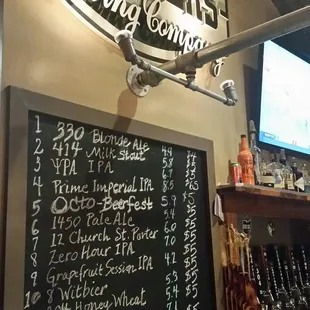 Beer menu, this week!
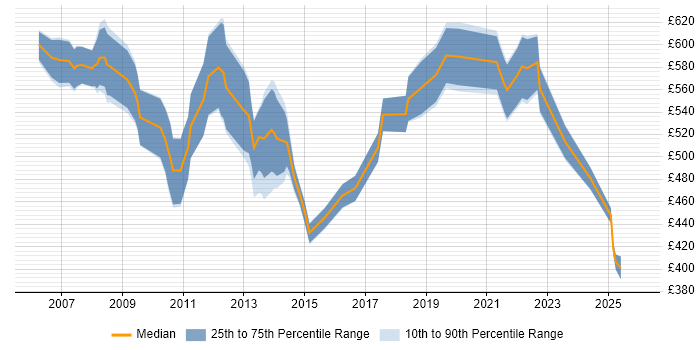 Contractor daily rate distribution trend for Business Operations Manager job vacancies in London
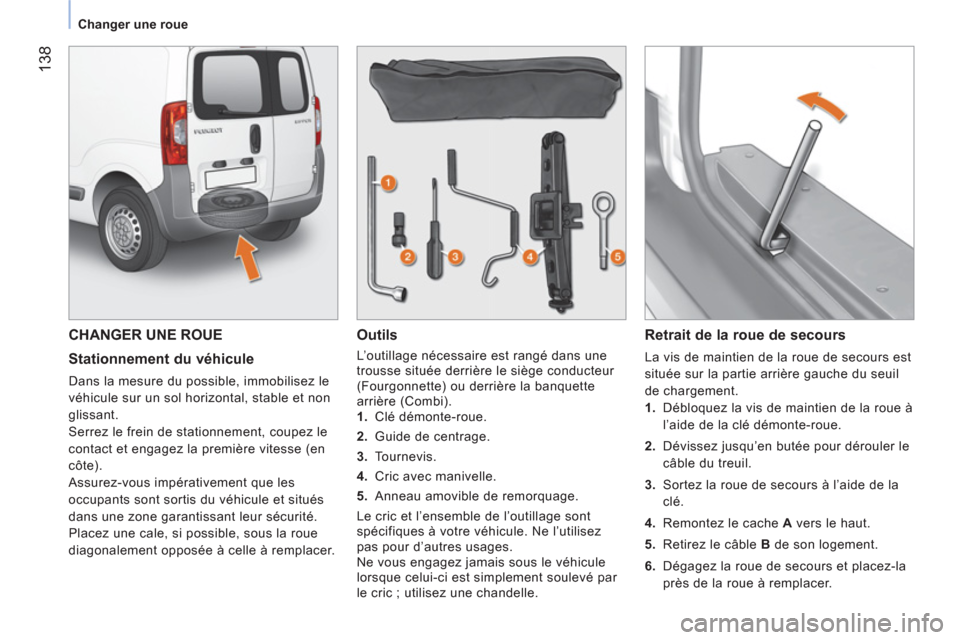 Peugeot Bipper 2011 Manuel du propriétaire (in French) 138
Changer une roue
CHANGER UNE ROUE
Stationnement du véhicule
Dans la mesure du possible, immobilisez le
véhicule sur un sol horizontal, stable et non
glissant.
Serrez le frein de st Peugeot Bipper 2011 Manuel du propriétaire (in French) 138
Changer une roue
CHANGER UNE ROUE
Stationnement du véhicule
Dans la mesure du possible, immobilisez le
véhicule sur un sol horizontal, stable et non
glissant.
Serrez le frein de st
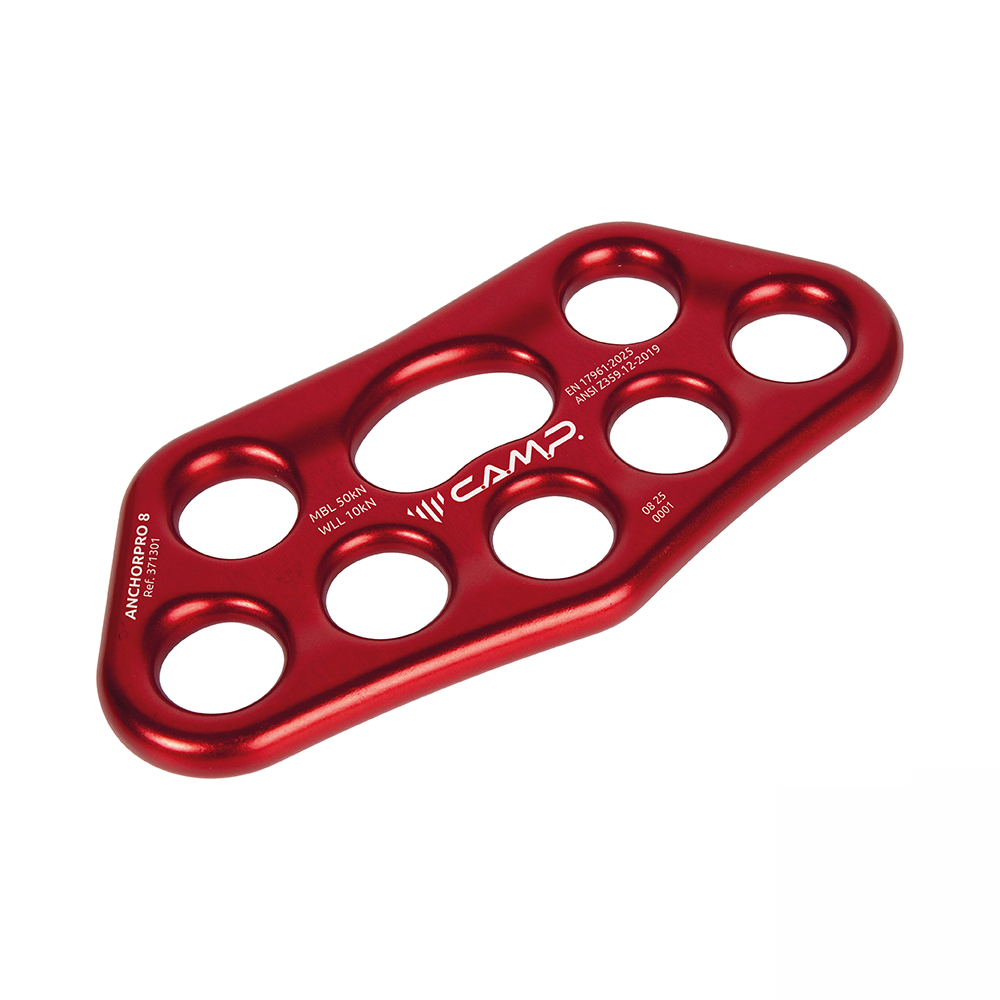  Rigging Plates Image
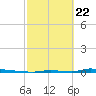 Perky tide chart for Saturday, February 22, 2025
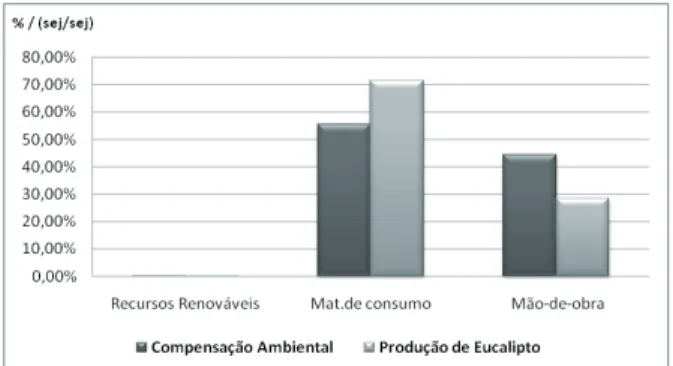 Tabela 4. Índices obtidos para o Projeto de Com- Com-pensação Ambiental EcoÍris e para a produção  comercial de mudas de eucalipto  (Romanel-li,2007).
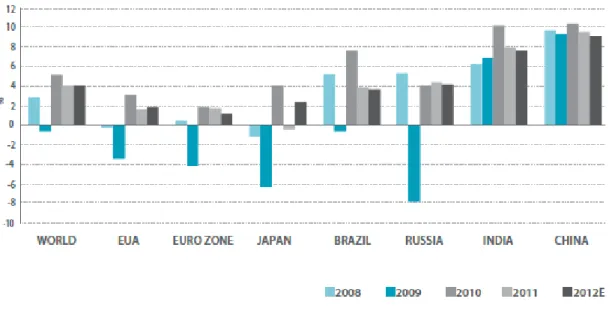 Figure  2: GDP Growth (%) 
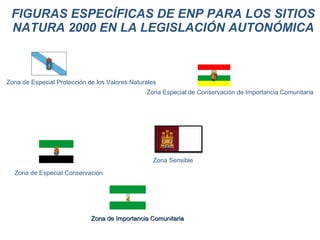FIGURAS ESPECÍFICAS DE ENP PARA LOS SITIOS NATURA 2000 EN LA LEGISLACIÓN AUTONÓMICA Zona de Importancia Comunitaria Zona de Especial Protección de los Valores Naturales Zona Sensible Zona de Especial Conservación Zona Especial de Conservación de Importancia Comunitaria 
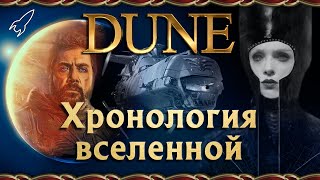 Дюна. Хронология вселенной (освоение космоса, Картель негоциантов, Великая конвенция)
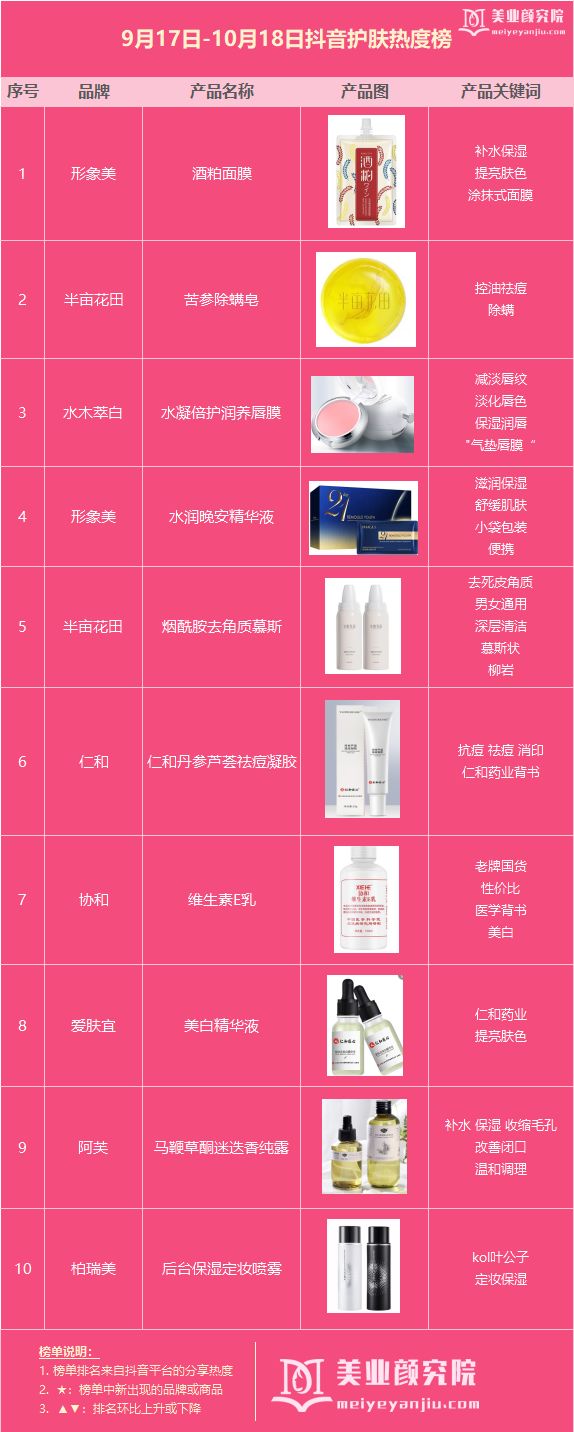 抖音现在最火的美妆是什么,抖音最好用的美妆产品是什么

TASK ITEM - An exact copy of every entry above is needed, minus the pictures.

SOLVED PROBLEM -
 Beer menu, this week!
 Contractor daily rate distribution trend for Business Operations Manager job vacancies in London
 Peugeot Bipper 2011 Manuel du propriétaire (in French) 138
Changer une roue
CHANGER UNE ROUE
Stationnement du véhicule
Dans la mesure du possible, immobilisez le
véhicule sur un sol horizontal, stable et non
glissant.
Serrez le frein de st Peugeot Bipper 2011 Manuel du propriétaire (in French) 138
Changer une roue
CHANGER UNE ROUE
Stationnement du véhicule
Dans la mesure du possible, immobilisez le
véhicule sur un sol horizontal, stable et non
glissant.
Serrez le frein de st
  Rigging Plates Image
 Perky tide chart for Saturday, February 22, 2025
 Tabela 4. Índices obtidos para o Projeto de Com- Com-pensação Ambiental EcoÍris e para a produção  comercial de mudas de eucalipto  (Romanel-li,2007).
 Figure  2: GDP Growth (%) 
FIGURAS ESPECÍFICAS DE ENP PARA LOS SITIOS NATURA 2000 EN LA LEGISLACIÓN AUTONÓMICA Zona de Importancia Comunitaria Zona de Especial Protección de los Valores Naturales Zona Sensible Zona de Especial Conservación Zona Especial de Conservación de Importancia Comunitaria 
 Дюна. Хронология вселенной (освоение космоса, Картель негоциантов, Великая конвенция)
 抖音现在最火的美妆是什么,抖音最好用的美妆产品是什么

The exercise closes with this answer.